------ DATASET RECORDS

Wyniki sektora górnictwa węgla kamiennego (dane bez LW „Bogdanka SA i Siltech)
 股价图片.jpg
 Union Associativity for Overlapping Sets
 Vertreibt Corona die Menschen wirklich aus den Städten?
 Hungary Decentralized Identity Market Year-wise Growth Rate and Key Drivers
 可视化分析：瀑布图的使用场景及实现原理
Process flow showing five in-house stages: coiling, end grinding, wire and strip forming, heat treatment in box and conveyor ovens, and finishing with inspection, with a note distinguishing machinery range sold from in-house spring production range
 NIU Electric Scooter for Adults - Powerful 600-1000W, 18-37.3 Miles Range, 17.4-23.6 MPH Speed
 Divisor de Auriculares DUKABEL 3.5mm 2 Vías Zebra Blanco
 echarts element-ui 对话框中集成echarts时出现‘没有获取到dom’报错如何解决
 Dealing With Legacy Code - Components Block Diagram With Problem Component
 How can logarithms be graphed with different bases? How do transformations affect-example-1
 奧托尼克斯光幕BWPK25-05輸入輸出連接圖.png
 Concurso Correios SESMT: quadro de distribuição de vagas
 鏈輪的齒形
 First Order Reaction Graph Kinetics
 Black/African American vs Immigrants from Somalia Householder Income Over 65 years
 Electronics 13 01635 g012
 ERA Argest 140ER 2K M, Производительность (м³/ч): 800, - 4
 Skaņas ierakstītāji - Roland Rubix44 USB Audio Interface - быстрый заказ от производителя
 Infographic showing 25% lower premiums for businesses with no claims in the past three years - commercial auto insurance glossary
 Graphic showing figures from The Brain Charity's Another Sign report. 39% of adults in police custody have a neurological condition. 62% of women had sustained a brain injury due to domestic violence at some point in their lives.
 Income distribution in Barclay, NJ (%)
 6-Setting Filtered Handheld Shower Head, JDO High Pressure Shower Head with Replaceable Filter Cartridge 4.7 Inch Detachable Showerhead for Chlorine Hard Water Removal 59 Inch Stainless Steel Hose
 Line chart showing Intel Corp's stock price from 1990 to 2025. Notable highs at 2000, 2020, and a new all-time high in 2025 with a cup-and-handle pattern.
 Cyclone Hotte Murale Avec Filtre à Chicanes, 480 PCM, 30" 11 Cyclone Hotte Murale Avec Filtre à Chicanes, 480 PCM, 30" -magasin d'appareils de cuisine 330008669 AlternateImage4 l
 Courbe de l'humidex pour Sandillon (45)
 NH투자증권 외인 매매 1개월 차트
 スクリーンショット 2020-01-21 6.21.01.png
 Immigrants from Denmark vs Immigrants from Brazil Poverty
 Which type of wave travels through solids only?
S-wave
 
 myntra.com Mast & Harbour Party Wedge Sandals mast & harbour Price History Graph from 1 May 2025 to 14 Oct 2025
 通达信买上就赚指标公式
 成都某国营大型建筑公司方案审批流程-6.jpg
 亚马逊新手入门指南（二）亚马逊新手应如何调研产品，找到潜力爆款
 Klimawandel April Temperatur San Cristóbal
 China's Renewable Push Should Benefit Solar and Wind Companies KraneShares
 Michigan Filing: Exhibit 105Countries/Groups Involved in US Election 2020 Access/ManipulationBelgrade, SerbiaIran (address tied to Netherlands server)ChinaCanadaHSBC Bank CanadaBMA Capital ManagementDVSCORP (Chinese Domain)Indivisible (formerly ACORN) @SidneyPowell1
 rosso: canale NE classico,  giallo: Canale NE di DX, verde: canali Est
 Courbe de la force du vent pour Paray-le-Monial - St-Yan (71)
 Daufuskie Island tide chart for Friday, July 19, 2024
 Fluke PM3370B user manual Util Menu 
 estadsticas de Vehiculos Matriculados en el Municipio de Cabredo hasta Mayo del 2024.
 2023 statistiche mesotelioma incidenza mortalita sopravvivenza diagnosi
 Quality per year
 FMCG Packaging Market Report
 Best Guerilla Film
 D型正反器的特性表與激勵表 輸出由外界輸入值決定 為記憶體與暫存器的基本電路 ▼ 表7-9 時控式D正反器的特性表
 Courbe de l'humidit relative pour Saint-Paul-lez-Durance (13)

------------

• TASK REQUIREMENTS: Find all lines holding the word "years" in the records above and copy them.

• RESPONSE TO THIS TASK:
 Black/African American vs Immigrants from Somalia Householder Income Over 65 years
 Infographic showing 25% lower premiums for businesses with no claims in the past three years - commercial auto insurance glossary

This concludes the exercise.